Technology company Autobon AI is now testing its partially autonomous truck in regular traffic on the Jane Addams Tollway.
After successful tests by the Lisle, Illinois company’s co-founder, Krystian Gebis, on the Chicagoland Speedway track in Joliet, Autobon believes its innovative vehicle is ready for the main roadway. Still, a driver will stay behind the wheel.
“The driver still has full control,” said Gebis. “We want to make sure the truck isn’t weaving in the lane and it maintains a safe following distance. We want to make sure it’s very precisely driving.”
Transportation experts are saying tests like these will become more and more common in the near future, as trucks that are at least partially self-driving will hit the road in hopes of countering the current truck driver shortage in the freight industry.
The trucking industry is expected to be a top early implementer of autonomous technology for this very reason.
“There’s a significant shortage of drivers,” said director of the University of Illinois at Chicago’s Urban Transportation Center, P.S. Sriraj. “If you have a shortage of drivers, you have drivers working long hours and compromising their safety.”
According to Gebis, autonomous technology won’t be completely replacing truck drivers any time soon, but will provide an avenue for drivers to feel safer and at ease while on the road.

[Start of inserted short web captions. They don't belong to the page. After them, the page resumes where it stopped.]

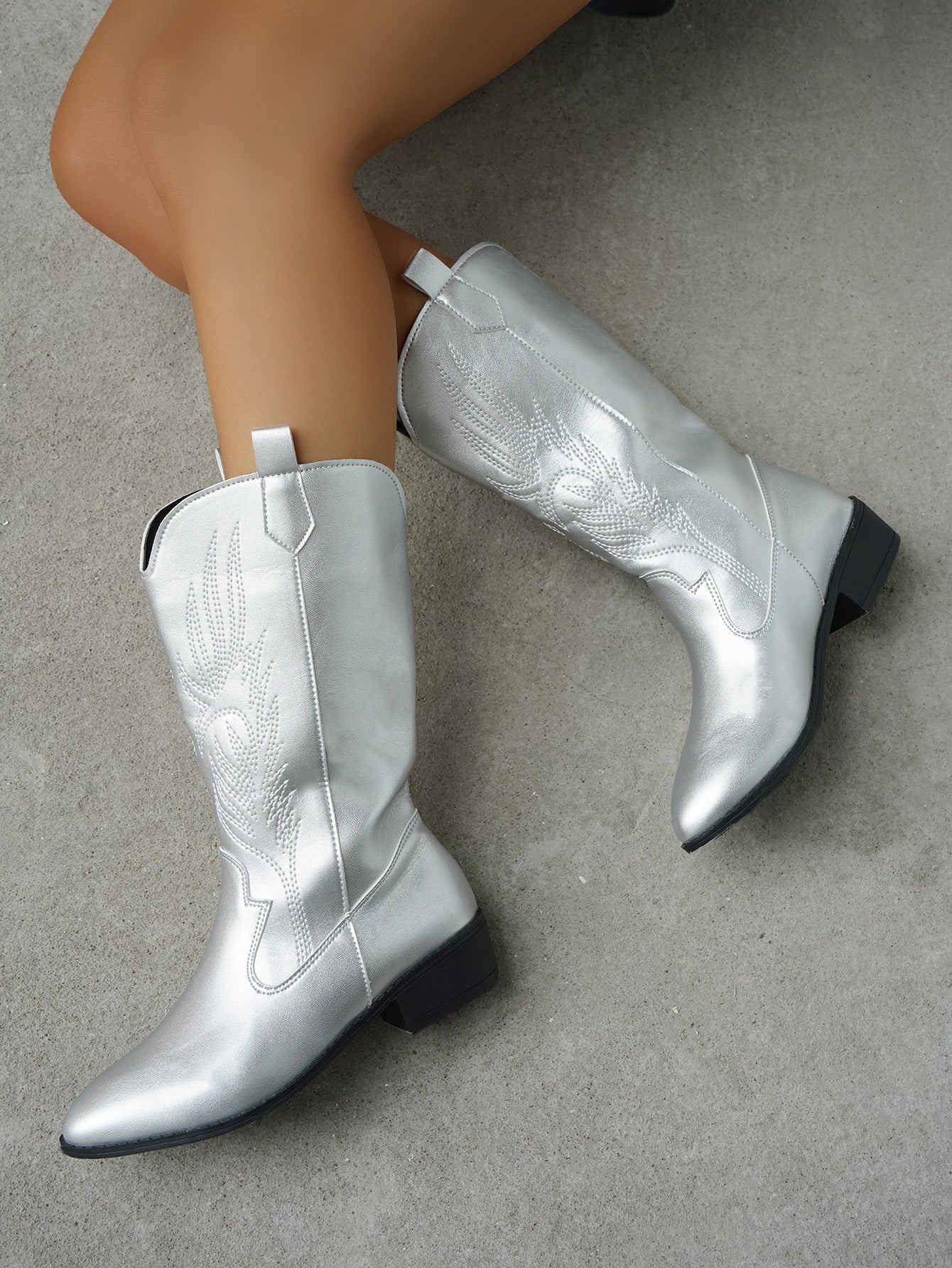 Glossy pointed toe square heel embroidered knight boots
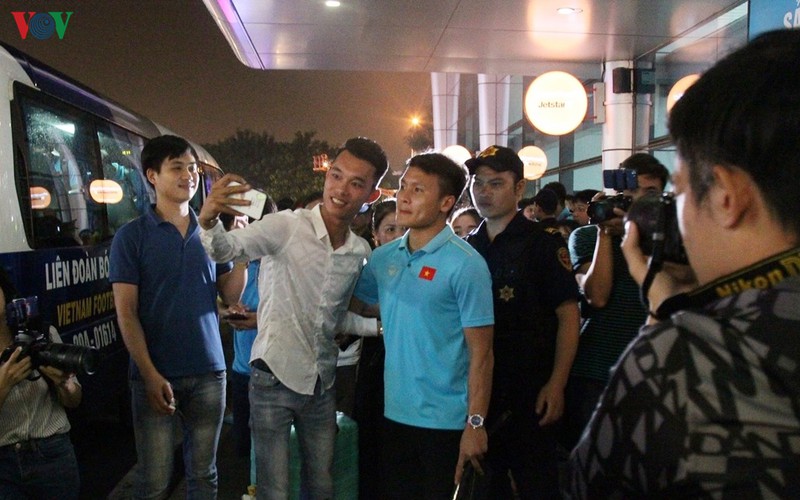 Quang Hải được cổ động viên xin chụp ảnh lưu niệm ở sân bay.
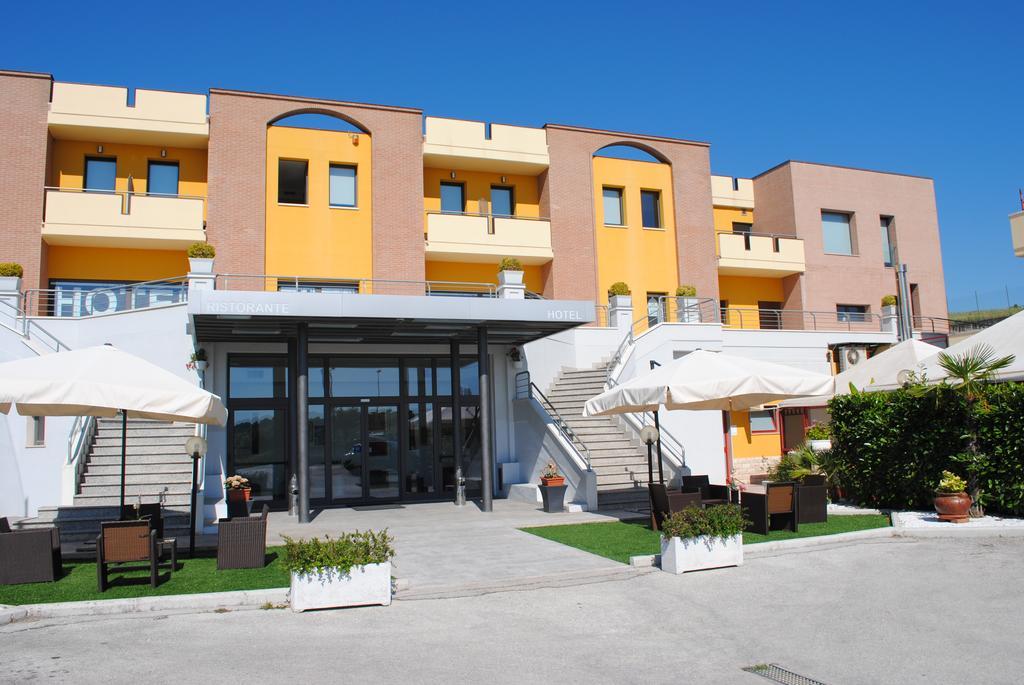 Hotel La Tavernetta Campobasso Bagian luar foto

“You want to not have fatigue or stress be a factor in driving,” Gebis sad. “We are thinking of every possible way we can to make the job more enjoyable for drivers.”
However, how exactly these developments will come into play is still in question. Although autonomous driving tech engineers are staying busy, federal regulatory frameworks for automated vehicles is being drafted by transportation leaders as we speak.
Chairman Roger Wicker (R-Mississippi) confirmed in a hearing with safety agencies that the Senate Commerce Committee is currently collaborating with their House counterparts on the Energy and Commerce Committee to draft a new measure governing automated technology.
“As we continue to develop a regulatory framework, the discussion should also be driven by the potential benefits of [automated vehicles] to improve the country’s transportation systems,” said Wicker. “As technology continues to improve, AVs will be increasingly part of our daily lives. Therefore, it is up to us to ensure that the safety benefits of these vehicles are fully realized.”
Wicker also notes that without a national regulatory framework, other countries may have the opportunity to lead in the AV field.
Still, panel members stress that ensuring the safety of all roadway commuters is the top priority and is what will guide the legislative process this bill. Senators noted that over 36,000 people were killed in roadway crashes last year, according to the National Highway Traffic Safety Administration.
“Over the past three years, more companies have been putting automated vehicles out on the road, and sometimes ending in fatal consequences,” said Sen. Maria Cantwell (D-Washington). “In several of these accidents, the drivers were not paying attention to the roadway and [were] unable to intervene to avoid the crash. What we need to do is continue to learn from these lessons and make sure that we’re putting safeguards in place.”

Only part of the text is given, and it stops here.